I also retweet whatever someone tweets about my work – and I’m always interested to see what people choose to share or take away from one of my talks. For example, this is Jen Ross’s take away from our paper at the conference


Now I think that’s a fair and concise (thank you, 240 character allowance) summary of what I took twenty minutes to say. But sometimes I’m surprised by what people choose to share of my work. Sometimes I think: “But that wasn’t important at all”, or “You missed the cool bit!”. The more I communicate science, the more I think I’m a very poor communicator.
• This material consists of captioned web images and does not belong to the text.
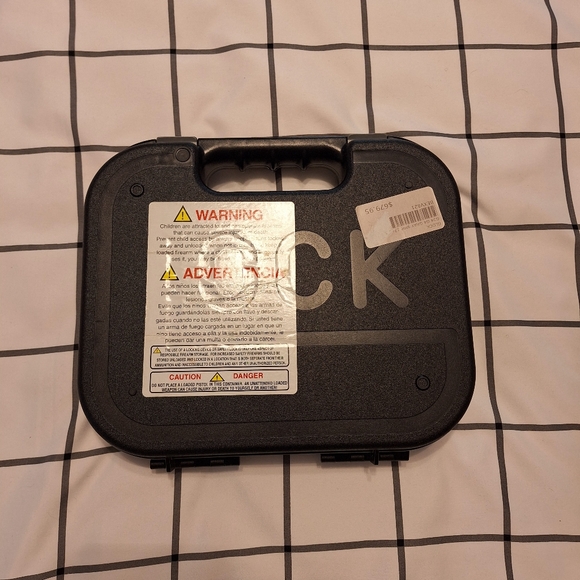 Glock Hard Shell Case - Picture 2 of 3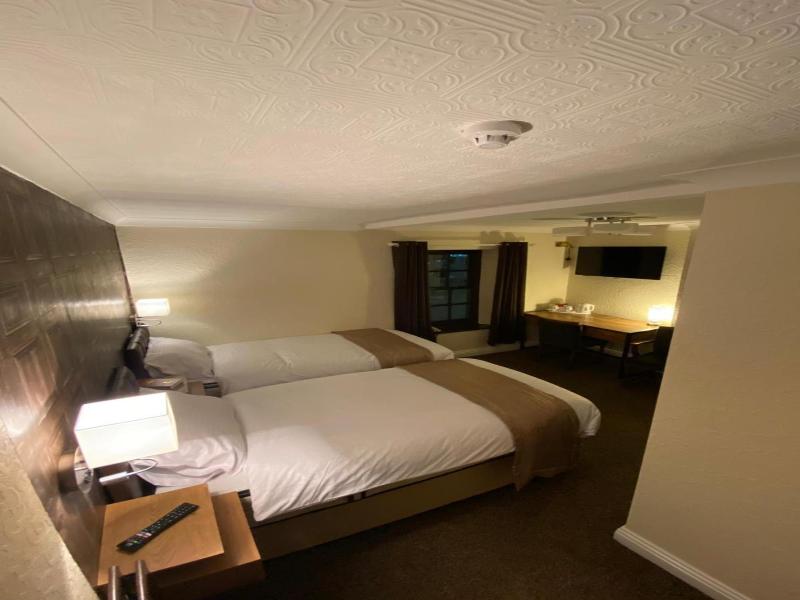 The Redwell Inn image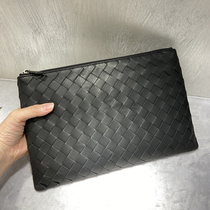 Light extravagant mens bag hands grab bag 2022 new wave fashion clip Fetal Calf Leather Weave Hand Grab Bag Business Letter Enveloping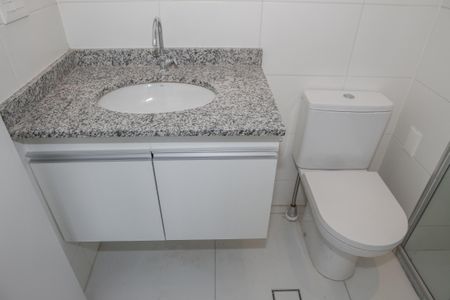 Apartamento para alugar com 31m², 1 quarto e sem vagaBanheiro da Suíte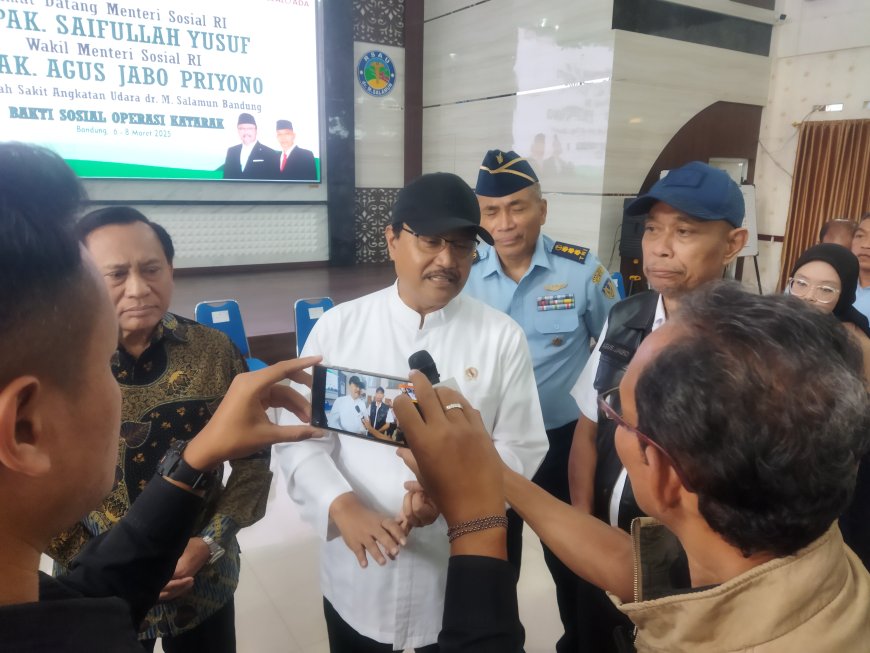 Menteri Sosial Kunjungi Bakti Sosial Operasi Katarak di RSAU. dr. M. Salamun Bandung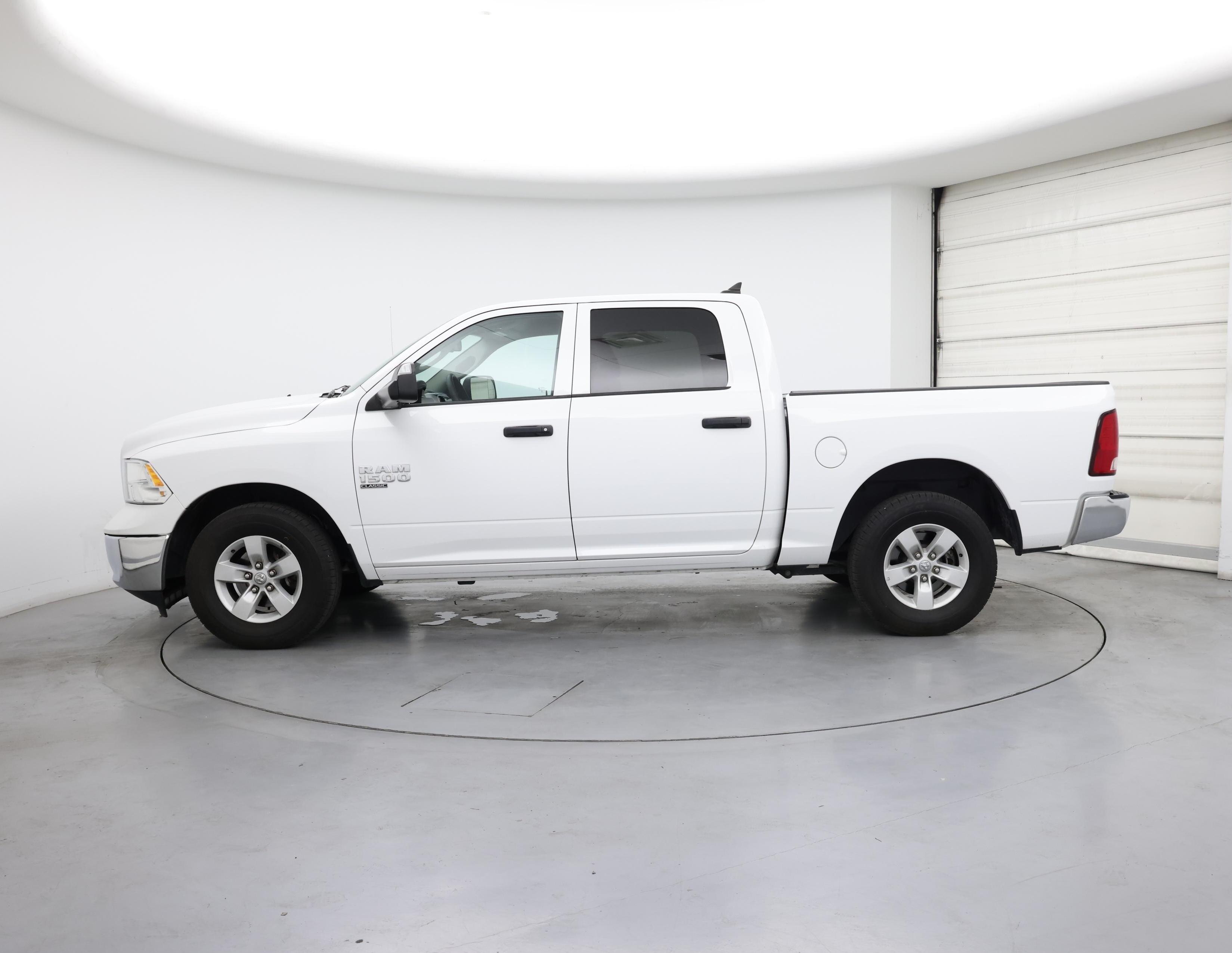 Thumbnail: 2023 RAM 1500 Classic - 3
I hope this is the Dunning Kruger effect at work, but then that leads me to wonder that if you’re aware of the Dunning Kruger effect, and think you’re not very good at something, does that mean you’re actually not very good at it . . . ?

I digress.

One of the other fun new things about #UoELTConf18 was that my other talk was a Pecha Kucha. Twenty slides with twenty seconds per slide. I had to write a Pecha Kucha talk differently, and think very carefully about the content of my presentation, as opposed to the style of my presentation.

It’s not groundbreaking to recognise that different formats need different material content, but watching how Twitter can transform my own conference experience has made me think a lot more about the purpose of a conference presentation, and what good content can and cannot make up for.
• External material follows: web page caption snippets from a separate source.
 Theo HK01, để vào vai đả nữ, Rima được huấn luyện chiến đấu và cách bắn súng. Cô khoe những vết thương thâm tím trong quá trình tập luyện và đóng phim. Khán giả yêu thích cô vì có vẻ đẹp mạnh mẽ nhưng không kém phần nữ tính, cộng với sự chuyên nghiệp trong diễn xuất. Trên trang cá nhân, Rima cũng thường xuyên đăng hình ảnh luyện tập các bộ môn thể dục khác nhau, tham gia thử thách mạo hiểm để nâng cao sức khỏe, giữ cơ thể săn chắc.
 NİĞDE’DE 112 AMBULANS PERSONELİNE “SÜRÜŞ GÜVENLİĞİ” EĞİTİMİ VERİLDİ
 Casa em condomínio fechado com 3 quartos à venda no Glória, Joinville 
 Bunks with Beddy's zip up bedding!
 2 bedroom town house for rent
What my take-home message for all this? Well I have a few. First, I have really started designing my slides with the idea that they should stand-alone, as much as possible. That’s not to say that each slide is made for sharing (see take-home point two), but a combination of simplicity, visual appeal, and a clear idea of what slide is meant to do has helped me a lot recently.

Two – I am clear when I don’t want slides to be shared. I have a little graphic I use to indicate when I would rather a slide not be shared on Twitter, i.e. because I feel the data is confidential, or inappropriate to have an isolated question around. I forgot this in a recent slide deck and reminded my audience verbally instead, and they were very happy to acquiesce. As an aside, I think this might also be something we lecturers might want to consider as lecture recording becomes more wide spread. There’s no harm in a visual reminder sometimes.

And third, I’m going to try and generally remember that improvement happens when you push yourself. Without being a little self-critical, I can’t get better. And if someone picks up on the ‘wrong’ slide once or twice along the way, well they might have just been looking for something else entirely.